Audacity_dbgrpt-9432-20220104T132947.zip (14.1 KB)

This has eaten my whole day lol. Things ive tried:

  • uninstalling/reinstalling audacity (nope)
  • uninstalling/reinstalling the audient id4 driver (nada)
  • installing asio4all (didnt notice anything)
  • nonstop tweaking of sample hz and sample bit rate across both device manager and audacity (mixed results)
  • opening old projects and listening for the error(it does not exist)
  • identifying bitrate hz of old projects (384,000 mixed down to 48,000 on export)
  • re-exporting those old projects to see if the error is reproduceable that way(it is not)
  • nonstop tweaking of buffer size and latency compensation parameters (30/30 worked well, as did 0/0 but anything else made it worse.
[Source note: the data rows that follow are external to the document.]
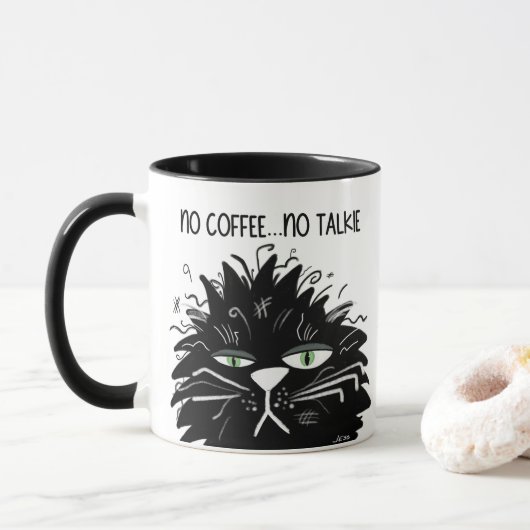 Kein Kaffee Keine Talkie Müde schwarzen Mad Chat F Tasse (Mit Donut)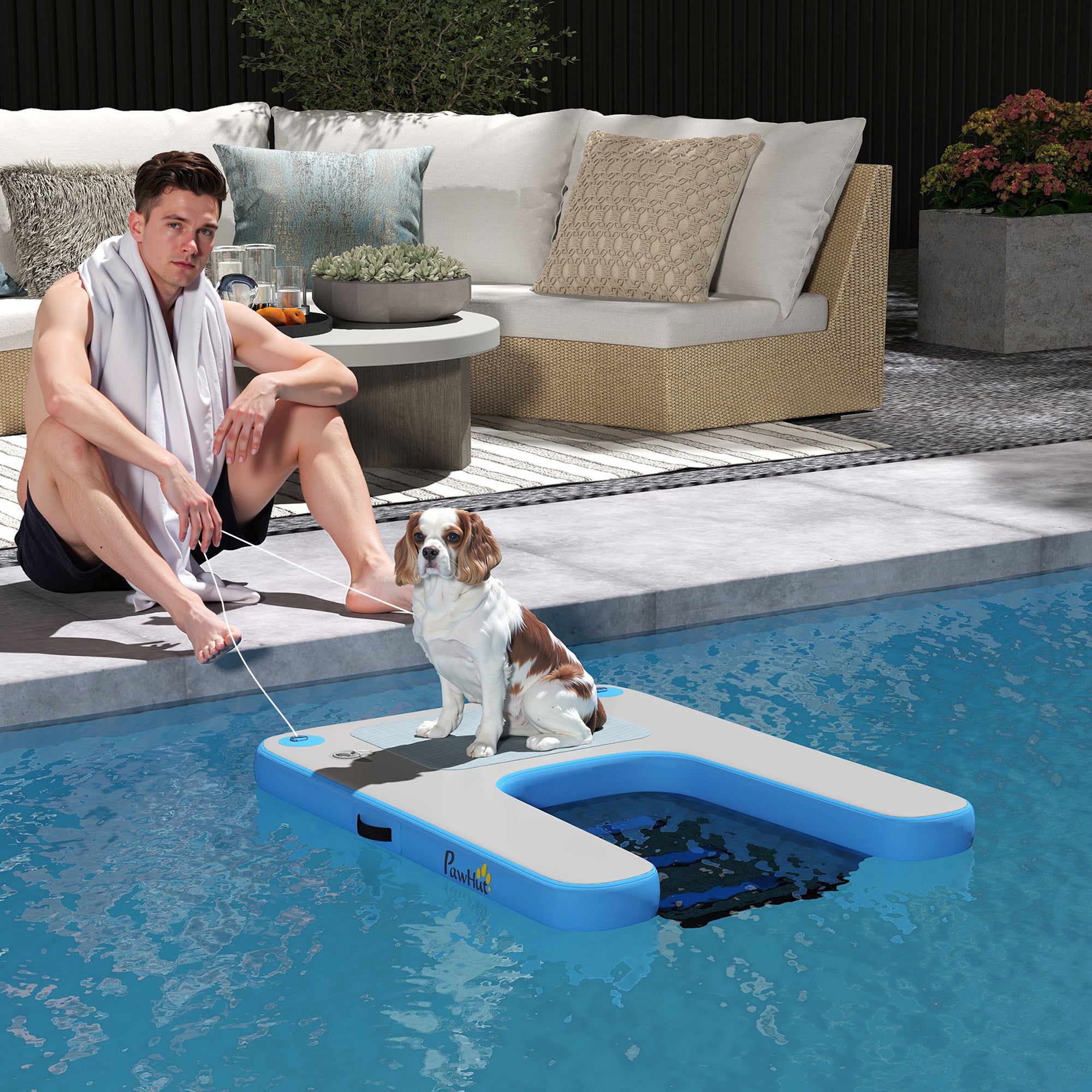 Dog Water Ramp Floating Water Ladder Step for Swimming Pets Up to 198 lbs, Non-Slip Dog Boat Ramp for Pool, Lake, Boat, Dock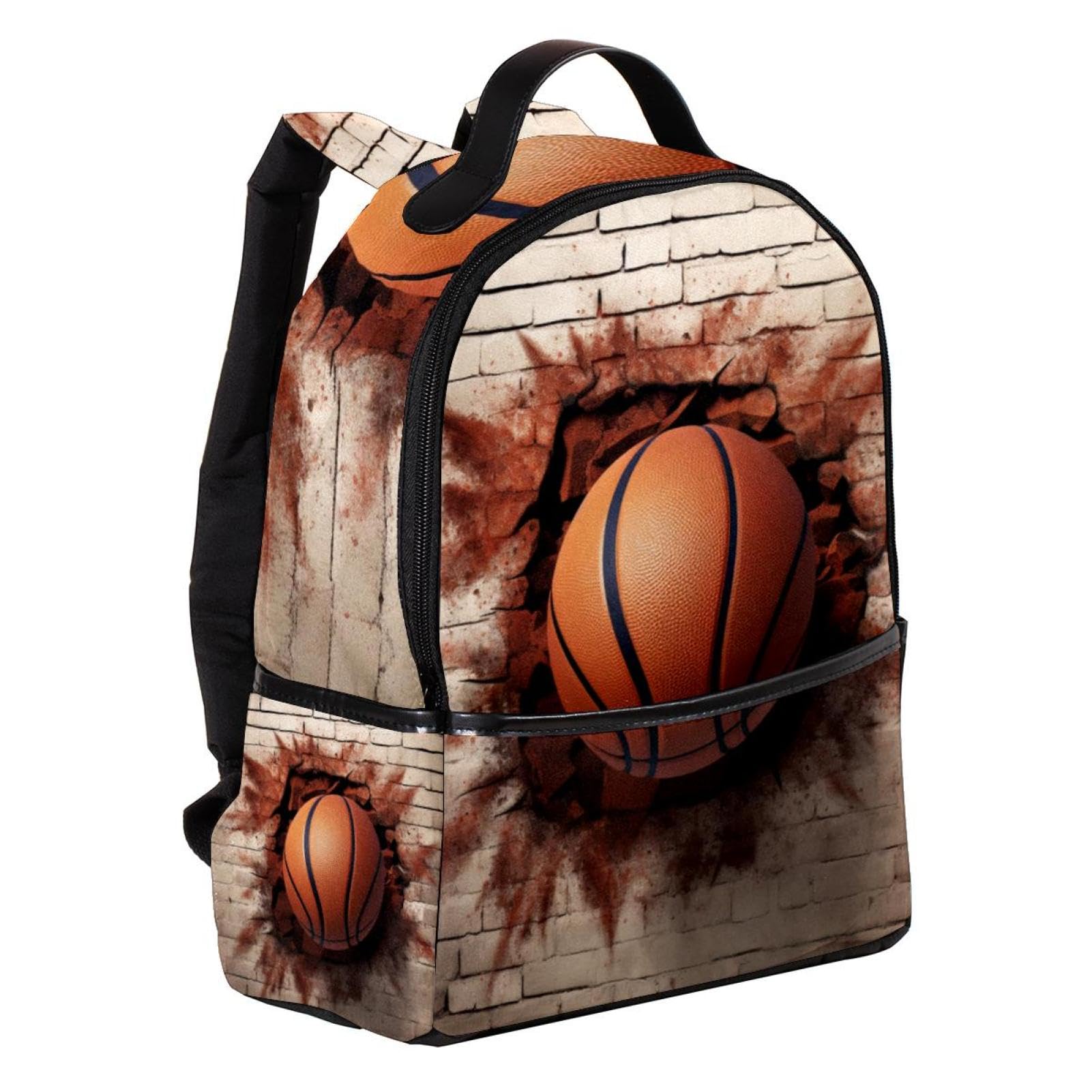 Men's & Women's Travel Backpack with 3D Basketball Pattern - Durable Carry-On Backpack for Gym, School, Hiking & Outdoor Adventures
Default if 100/-130 is…fine)

Until i had a breakthrough and used the Microsoft Voice Recorder app on Win10 to record through the mic, and the issue was reproduceable there. I then tried out a headset mic that is a direct USB into the PC, and that had no issues either. Opening Audacity, using the headset mic gave me clear(if not the highest-quality) results.

So the issue is somewhere between the microphone itself, and the id4 amp/the USB connecting the amp to the PC. Ill do some hardware testing next.

I recognize this is an audacity forum and this has now moved outside of that realm, but if anyone has had any experience with fixing things like this, let me know!

It’s skipping : tiny pieces are missing, there is usually a discontinuity where that has happened …
skipping-.png

this definitely points towards a more OS-based issue combined with the results from testing today.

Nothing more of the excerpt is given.